Foods with many ingredients or layered ingredients, like a salad, will produce less accurate results, however. Yadegari said that in those cases, users can manually input each ingredient to improve the accuracy of the results.
Before creating Cal AI one year ago, Yadegari created a website where students could play games on their computers while bypassing the school district’s content filters. Yadegari said he sold that website when he was 16 years old for over $100,000 and when the site reached over 5 million visitors.
Yadegari then launched his first app, Grind Clock, an alarm clock that would wake users up to the sounds of “motivational speakers” like Steve Harvey or influencers like David Goggins and Andrew Tate.
As Cal AI continued gaining traction over the past year, Yadegari began applying to colleges, shooting his shot at Harvard, Yale, Columbia, and more. But as rejections came left and right, and college decision day approached, Yadegari posted his college admission essay, discussing Cal AI’s success and saying he wanted to do more.
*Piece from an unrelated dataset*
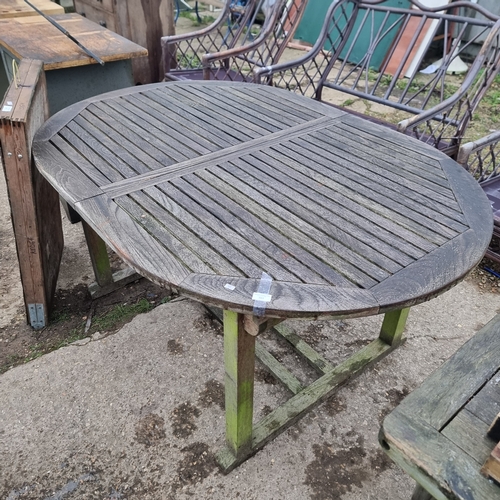 503 - LARGE WOODEN OVAL GARDEN TABLE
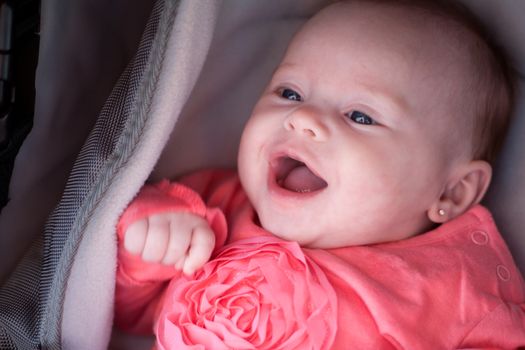 Happy baby is smiling in her pram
“In this next chapter, I want to learn from humans-both professors and students-not just from computers and textbooks,” Yadegari wrote in his essay.
Of the more than 2,400 comments made on his post, many supported Yadegari and said he was too good for the top colleges, while others said the essay cast the tech entrepreneur as materialistic.
Since creating that post over a month ago, Yadegari has appeared in media worldwide, including CBS News, The Times of India, TMZ, Fox, and, of course, Schneps Media LI.
“I think that college admissions tries to place students in this rubric, a very tight box, that makes it very difficult for students that have achievements outside of school, like an entrepreneur, to stand out,” Yadegari told Fox News.
With Yadegari off to the University of Miami, he will also be rolling out Cal AI’s next planned feature: a body scanner that can break down a person’s fat and muscle percentages just by scanning an image.